We oil and put away our guns in early May, after Turkey Season. Some of us get them back out in late August to shoot a few skeet and sharpen up our shooting eyes (and some of us need more sharpening as we get older!), but that is just playing, not real sport. The real sporting season begins when you can hunt again, and the first time we can do that (legally, anyway) is on Opening Day of Dove Season. That’s the beginning of a New Year, for afterward comes squirrel season, bow season, rabbit season, deer season, bird season, duck season, and then comes turkey season again in the spring.

This past few decades, with the advent of thousands of acres of corn being grown in the Delta, we’ve had problems getting the old-time concentrations of doves, like we used to get. When cotton was king, and you had a 25-acre millet or sunflower field in the middle of 10,000 acres of cotton, you had all the doves on 10,025 acres. Nowadays, the millet field is in the middle of 5,000 acres of cotton and 5,000 acres of corn, the latter being harvested three weeks before Opening Day. That spreads out the concentration.

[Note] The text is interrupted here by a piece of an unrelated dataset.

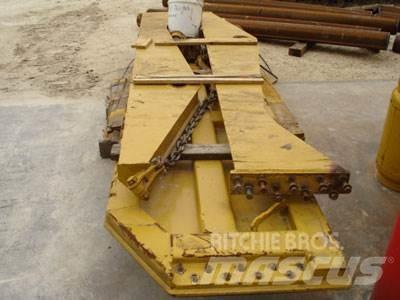 CAT 740 Tailgate Kiti naudoti statybos komponentai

This fall at Brownspur, we hadn’t had a rain in nearly two months. I could sit out by the Swimming Hole and get a limit morning or evening (did that the last two years, matter of fact). My neighbor, another Sporting Type, had a dried up pond last year that he decided to reactivate for Opening Day, since it was dry last year, too. He took a 1,000 gallon nurse tank, filled it up, and drove it to the dry pond, where he drained it. When he returned with the second tankful, the pond was dry again. It took 10,000 gallons of water before the bottom of that pond was even muddy, and 10,000 more just put maybe an inch of standing water in it for a day. The next morning, it was dry again!

The weekend after Opening Day a couple of years ago, a young friend called to invite me to come down for a hunt. “Uncle Bob, there are TONS of doves in our field!” he exclaimed. “Bring Adam, and Cuz, and the Jakes, too.”

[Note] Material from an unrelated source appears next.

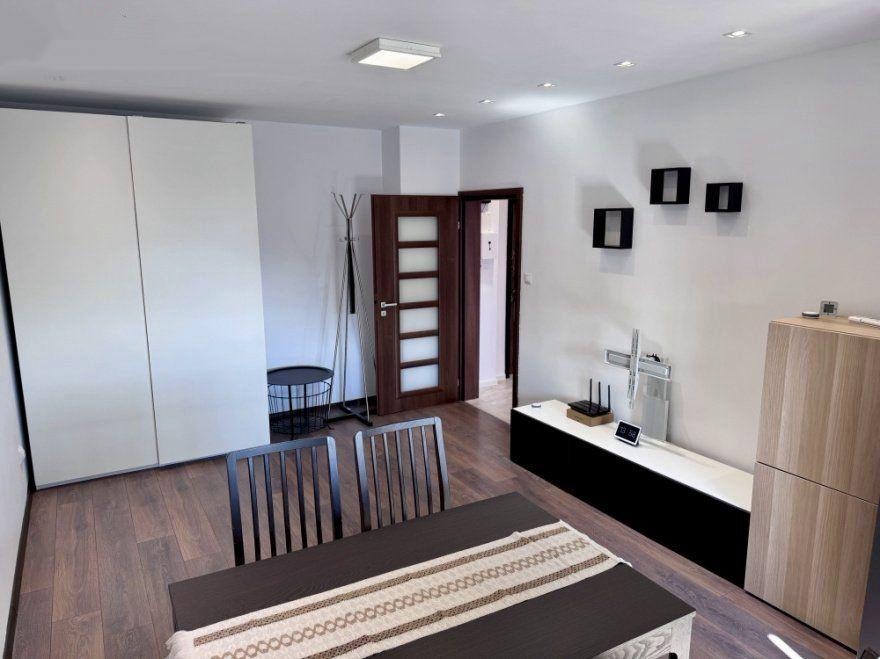 Дава под наем 2-СТАЕН, гр. София, Левски Г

I done that. We showed up with boxes of shells and spread out across the field, which was maybe ten acres. We loaded up and got ready for a hot shoot.

An hour later, most of us were gathered under a shade tree next to the water keg. Collectively, we had seen three doves, none close enough to shoot at. We began an exercise in mathematics for the benefit of our young host, who was still sitting across the field, so we had to figure loud, to include him. We figured that doves, unplucked and on the hoof, so to speak, ran about three to the pound – this was an estimate, since we had neither scales nor three doves, you must understand. This meant that doves would therefore run about 6000 to the ton, and since our host had proclaimed he had “Tons” plural, we figured that a minimum of 12,000 doves were due to come to that field that afternoon. In order to help him confirm his estimate, we began to count off and subtract to help wile away the long evening. “There’s one, Will – only 11,987 more to go!” “Watch, Adam, here comes Number 19 – only 11,981 to go, Will!”

Cuz, a compooter genius (self-proclaimed), whipped out a calculator and helped our host determine that, if he averaged hitting one of every three doves shot at, then it would take 18,000 shells to bring down his ton of doves, which would cost at bargain prices, just under $2000 per ton of doves, unpicked. However, he could then eat 16 doves per day, so would save grocery money in the long run, for his meat for the entire year would run him only about $5.50 per day, unless of course he wanted a steak once in a while for variety.

Understand that all this helpful figuring was at the decibel level of a shout, in order that our young host could hear, for he steadfastly refused to join us at the water cooler, where most of us spent the entire afternoon, doing mathematical exercises. When the evening was over, we were still 11,376 doves shy of the quota, though Cuz pointed out in all fairness that any doves over the first ton might be classed as plural, so we may not have been but 5,377 doves shy of the declared quota for the field.

Whatever. We were trying to be fair, but haven’t been invited back, for some reason. However, our young host has announced his college major change, to a math science – engineering!

Outdoor experiences can be life-changing, can’t they?